Exercise data
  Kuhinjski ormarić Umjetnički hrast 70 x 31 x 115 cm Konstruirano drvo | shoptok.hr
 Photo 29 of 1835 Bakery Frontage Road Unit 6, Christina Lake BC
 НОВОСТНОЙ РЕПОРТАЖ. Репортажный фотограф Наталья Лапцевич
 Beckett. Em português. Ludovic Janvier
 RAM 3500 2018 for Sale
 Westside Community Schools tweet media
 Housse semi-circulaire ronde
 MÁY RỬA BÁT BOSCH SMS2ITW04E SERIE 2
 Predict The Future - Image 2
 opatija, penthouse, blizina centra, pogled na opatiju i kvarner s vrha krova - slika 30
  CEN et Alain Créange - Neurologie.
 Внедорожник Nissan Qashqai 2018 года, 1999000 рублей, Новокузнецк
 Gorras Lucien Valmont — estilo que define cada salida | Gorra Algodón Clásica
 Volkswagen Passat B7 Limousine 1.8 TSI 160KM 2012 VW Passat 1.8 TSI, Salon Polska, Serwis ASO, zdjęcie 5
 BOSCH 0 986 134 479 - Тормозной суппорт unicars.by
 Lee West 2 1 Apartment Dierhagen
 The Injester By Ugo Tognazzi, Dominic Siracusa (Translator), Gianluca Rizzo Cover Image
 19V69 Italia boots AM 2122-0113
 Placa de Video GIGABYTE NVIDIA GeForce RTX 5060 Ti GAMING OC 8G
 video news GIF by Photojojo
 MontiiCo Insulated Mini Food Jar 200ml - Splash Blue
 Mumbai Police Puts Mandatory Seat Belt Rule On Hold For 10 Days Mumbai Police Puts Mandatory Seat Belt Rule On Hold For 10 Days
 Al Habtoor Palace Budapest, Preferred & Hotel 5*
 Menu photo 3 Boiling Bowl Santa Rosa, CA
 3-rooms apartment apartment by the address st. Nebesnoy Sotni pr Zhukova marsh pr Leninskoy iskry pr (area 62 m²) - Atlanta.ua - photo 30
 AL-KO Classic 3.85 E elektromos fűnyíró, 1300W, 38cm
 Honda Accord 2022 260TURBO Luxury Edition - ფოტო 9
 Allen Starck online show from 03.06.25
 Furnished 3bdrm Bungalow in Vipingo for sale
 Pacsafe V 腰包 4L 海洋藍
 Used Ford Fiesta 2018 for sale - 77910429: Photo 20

Task details
Only the lines from the one with "Photo 29 of" through the end of the material are wanted; copy them exactly, both ends included.

Answer for the task
 Photo 29 of 1835 Bakery Frontage Road Unit 6, Christina Lake BC
 НОВОСТНОЙ РЕПОРТАЖ. Репортажный фотограф Наталья Лапцевич
 Beckett. Em português. Ludovic Janvier
 RAM 3500 2018 for Sale
 Westside Community Schools tweet media
 Housse semi-circulaire ronde
 MÁY RỬA BÁT BOSCH SMS2ITW04E SERIE 2
 Predict The Future - Image 2
 opatija, penthouse, blizina centra, pogled na opatiju i kvarner s vrha krova - slika 30
  CEN et Alain Créange - Neurologie.
 Внедорожник Nissan Qashqai 2018 года, 1999000 рублей, Новокузнецк
 Gorras Lucien Valmont — estilo que define cada salida | Gorra Algodón Clásica
 Volkswagen Passat B7 Limousine 1.8 TSI 160KM 2012 VW Passat 1.8 TSI, Salon Polska, Serwis ASO, zdjęcie 5
 BOSCH 0 986 134 479 - Тормозной суппорт unicars.by
 Lee West 2 1 Apartment Dierhagen
 The Injester By Ugo Tognazzi, Dominic Siracusa (Translator), Gianluca Rizzo Cover Image
 19V69 Italia boots AM 2122-0113
 Placa de Video GIGABYTE NVIDIA GeForce RTX 5060 Ti GAMING OC 8G
 video news GIF by Photojojo
 MontiiCo Insulated Mini Food Jar 200ml - Splash Blue
 Mumbai Police Puts Mandatory Seat Belt Rule On Hold For 10 Days Mumbai Police Puts Mandatory Seat Belt Rule On Hold For 10 Days
 Al Habtoor Palace Budapest, Preferred & Hotel 5*
 Menu photo 3 Boiling Bowl Santa Rosa, CA
 3-rooms apartment apartment by the address st. Nebesnoy Sotni pr Zhukova marsh pr Leninskoy iskry pr (area 62 m²) - Atlanta.ua - photo 30
 AL-KO Classic 3.85 E elektromos fűnyíró, 1300W, 38cm
 Honda Accord 2022 260TURBO Luxury Edition - ფოტო 9
 Allen Starck online show from 03.06.25
 Furnished 3bdrm Bungalow in Vipingo for sale
 Pacsafe V 腰包 4L 海洋藍
 Used Ford Fiesta 2018 for sale - 77910429: Photo 20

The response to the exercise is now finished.